Quei parcheggi – già bocciati dall’Aci e definiti «pericolosissimi» dal presidente Giampiero Sartorelli – sono stati creati «nel pieno rispetto di quanto previsto dal Codice della strada», secondo il dirigente comunale Giuliano Rossi. Ferrante spiega che non è così: «Se conoscessero il codice della strada, esattamente il comma 3-bis dell’articolo 188, saprebbero anche che in quei parcheggi hanno diritto di sostare anche le persone con disabilità. Questo significa che quei parcheggi, istituiti senza un criterio logico, sono fuorilegge perché, oltre a creare pericolo per chi scende dall’auto, negano il diritto alla mobilità sancito dalla legge 3 marzo 2009, numero 18».

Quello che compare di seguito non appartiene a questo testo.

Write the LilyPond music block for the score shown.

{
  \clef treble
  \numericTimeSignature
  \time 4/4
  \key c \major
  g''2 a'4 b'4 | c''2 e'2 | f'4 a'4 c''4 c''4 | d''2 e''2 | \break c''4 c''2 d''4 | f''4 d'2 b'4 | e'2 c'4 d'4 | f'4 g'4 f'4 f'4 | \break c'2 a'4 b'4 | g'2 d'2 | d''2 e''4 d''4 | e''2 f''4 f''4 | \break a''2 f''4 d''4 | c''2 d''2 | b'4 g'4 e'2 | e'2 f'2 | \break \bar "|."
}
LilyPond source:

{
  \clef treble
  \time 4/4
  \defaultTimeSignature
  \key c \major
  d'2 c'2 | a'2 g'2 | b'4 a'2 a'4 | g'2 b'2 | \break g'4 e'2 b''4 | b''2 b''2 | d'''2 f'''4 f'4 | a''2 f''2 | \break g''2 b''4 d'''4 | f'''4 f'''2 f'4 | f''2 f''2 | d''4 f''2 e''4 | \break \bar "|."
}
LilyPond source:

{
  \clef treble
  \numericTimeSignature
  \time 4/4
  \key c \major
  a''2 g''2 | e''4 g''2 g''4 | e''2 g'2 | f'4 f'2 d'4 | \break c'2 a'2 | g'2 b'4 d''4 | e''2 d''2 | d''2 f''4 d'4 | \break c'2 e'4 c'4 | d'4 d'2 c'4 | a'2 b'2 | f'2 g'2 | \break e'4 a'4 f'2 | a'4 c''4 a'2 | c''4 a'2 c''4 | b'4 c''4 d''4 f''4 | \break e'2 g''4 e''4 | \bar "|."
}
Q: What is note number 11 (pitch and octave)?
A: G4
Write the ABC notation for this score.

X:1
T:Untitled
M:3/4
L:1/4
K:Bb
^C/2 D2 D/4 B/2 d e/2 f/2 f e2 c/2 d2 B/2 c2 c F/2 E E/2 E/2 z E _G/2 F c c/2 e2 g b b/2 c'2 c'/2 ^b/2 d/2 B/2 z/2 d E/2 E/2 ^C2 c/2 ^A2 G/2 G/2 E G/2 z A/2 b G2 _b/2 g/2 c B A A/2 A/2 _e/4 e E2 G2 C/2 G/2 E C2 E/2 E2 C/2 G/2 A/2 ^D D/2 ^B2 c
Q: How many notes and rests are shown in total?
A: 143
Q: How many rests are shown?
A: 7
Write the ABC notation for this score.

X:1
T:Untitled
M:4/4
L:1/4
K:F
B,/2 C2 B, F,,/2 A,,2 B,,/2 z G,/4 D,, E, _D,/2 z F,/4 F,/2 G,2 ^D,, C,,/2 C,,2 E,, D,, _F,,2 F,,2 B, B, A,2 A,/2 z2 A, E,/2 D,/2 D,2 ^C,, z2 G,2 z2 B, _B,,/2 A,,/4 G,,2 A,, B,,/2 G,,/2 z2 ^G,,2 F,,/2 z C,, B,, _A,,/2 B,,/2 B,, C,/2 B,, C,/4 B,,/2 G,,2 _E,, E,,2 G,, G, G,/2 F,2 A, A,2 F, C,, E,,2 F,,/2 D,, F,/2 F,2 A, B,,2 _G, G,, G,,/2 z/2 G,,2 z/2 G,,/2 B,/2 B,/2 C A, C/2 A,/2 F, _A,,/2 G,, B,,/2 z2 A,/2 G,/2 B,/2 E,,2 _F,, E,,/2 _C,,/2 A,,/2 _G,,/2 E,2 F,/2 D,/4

La nuova viabilità nella zona della stazione resta al centro della polemica: per i sensi unici introdotti con l’obiettivo di trovare più posti auto a causa della chiusura della parte sud dell’area di risulta, oggi sarà la prova della verità con la riapertura delle scuole. Le strisce blu, invece, resteranno ancora deserte: l’apertura è rimandata e a breve dovrebbero essere montati i parcometri per saldare il conto della sosta.
Ferrante spiega i punti critici: «Vicino al palazzo della Fira, in via Ferrari, se il guidatore rischia già di essere investito da autobus e auto che arrivano dalla destra, è ancora peggio per i disabili: se la persona con disabilità viene trasportata, rischia di essere investita dal lato stazione. Bisogna ricordare che le persone con disabilità, conducente disabile o trasportato, sono costrette ad aprire tutto lo sportello perché hanno bisogno di scendere la carrozzina per poi salirci. Aprendo tutto lo sportello», continua Ferrante, «ci troviamo a dover effettuare questa manovra in mezzo alla carreggiata dove le auto e mezzi pesanti sfrecciano ad alta velocità. Spostandoci sempre in via Ferrari, quella “banchina” come si evince dalla foto impedisce al guidatore disabile di uscire dalla macchina. Qualora qualcuno ci prendesse in braccio per uscire dall’auto, rimarremmo sequestrati proprio nella curva che porta alla stazione. Quando si attraversa non esistono strisce e, una volta attraversato, non si sale sul marciapiede della stazione perché non c’è uno scivolo per salire e scendere».
Secondo Ferrante, anche i parcheggi a spina di pesce in via Ferrari sono impossibili: «Le auto dei disabili restano sequestrate perché non essendo stati costruiti stalli invalidi non ci sarà lo spazio laterale tra due macchine per scendere o salire dall’auto».